Food & Water Watch has released a legal memo that provides a guideline for the USDA to stand up for Country of Origin Labeling (COOL) on imported beef and pork. The World Trade Organization (WTO) ruled against the U.S. stance that meat products should contain information about where those products originated, saying they were “protectionist” against other countries. Canada and Mexico brought the case to the WTO in 2008, and the WTO issued their ruling last June.
The memo states that the Appellate Body that ruled on the Technical Barriers to Trade (TBT) Agreement could not complete the analysis to determine whether or not COOL violates Article 2.2. They did agree that COOL violates Article 2.1, which covers recordkeeping and verification requirements. The organizations Public Citizen, National Farmers Union, and U.S. Cattlemen’s Association developed the memo along with Food & Water Watch.
The WTO ruling found that COOL label rules placed a cost on imported livestock and meat that “exceeded the consumer benefit.” So retailers should simplify information labels and make them clearer so they are more meaningful, thus have more benefit.

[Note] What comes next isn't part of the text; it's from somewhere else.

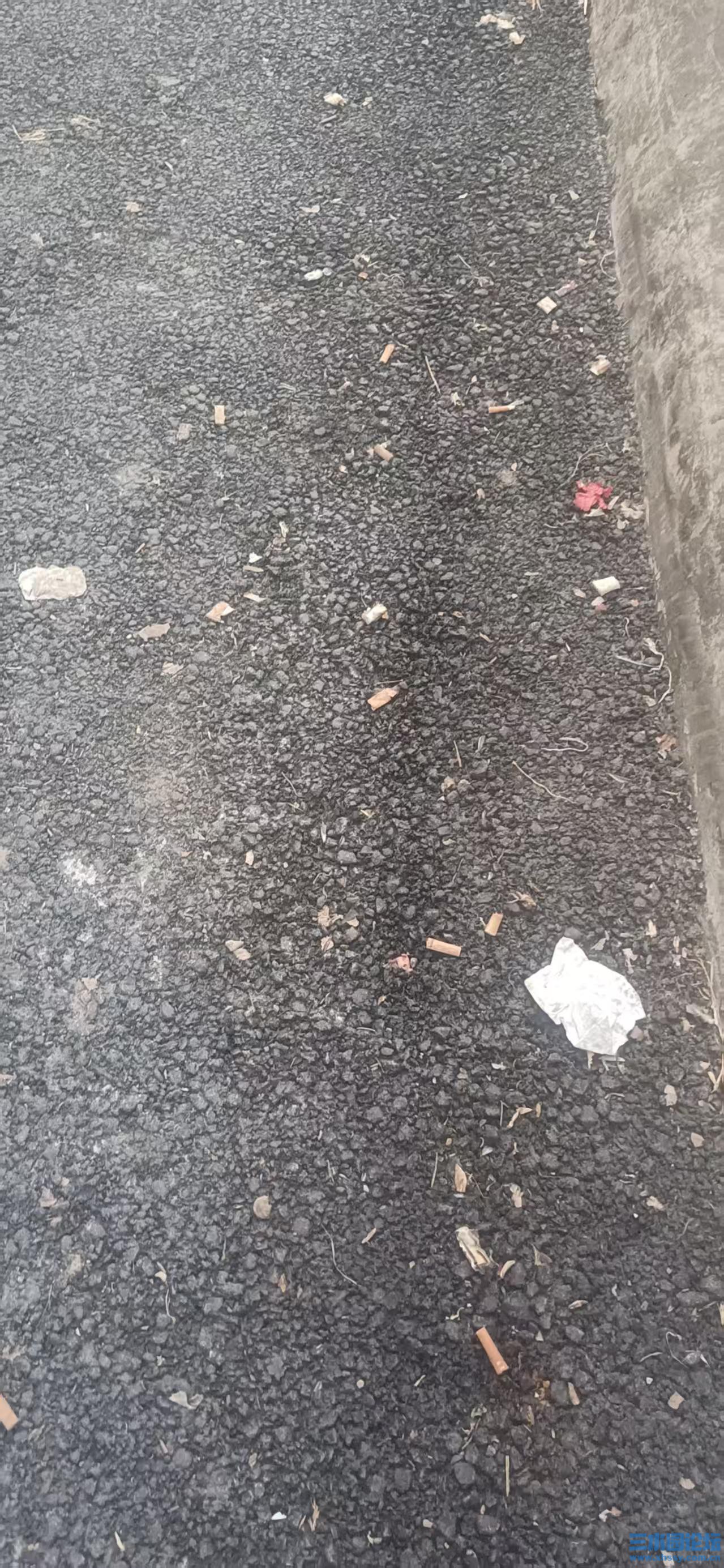 楚水杂谈_20250407_181230.jpg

The United States can bring itself into compliance by strengthening the COOL regulations so “more of the origin information tracked by producers is in fact provided to consumers.” That will bring recordkeeping and verification requirements into proportion with the origin information provided to consumers.

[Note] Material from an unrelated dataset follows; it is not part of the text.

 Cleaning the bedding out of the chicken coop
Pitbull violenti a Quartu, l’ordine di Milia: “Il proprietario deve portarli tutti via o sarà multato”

Food & Water Watch Executive Director Wenonah Hauter said in a statement, “consumers deserve clear, transparent and information COOL labels and the WTO has no place meddling in American grocery carts. President Obama campaigned to protect country of origin labels in 2008 and he can do so again by implementing these straightforward improvements to COOL rules. The new legal memo demonstrates a reasonable next step for USDA that makes labeling more meaningful to them.”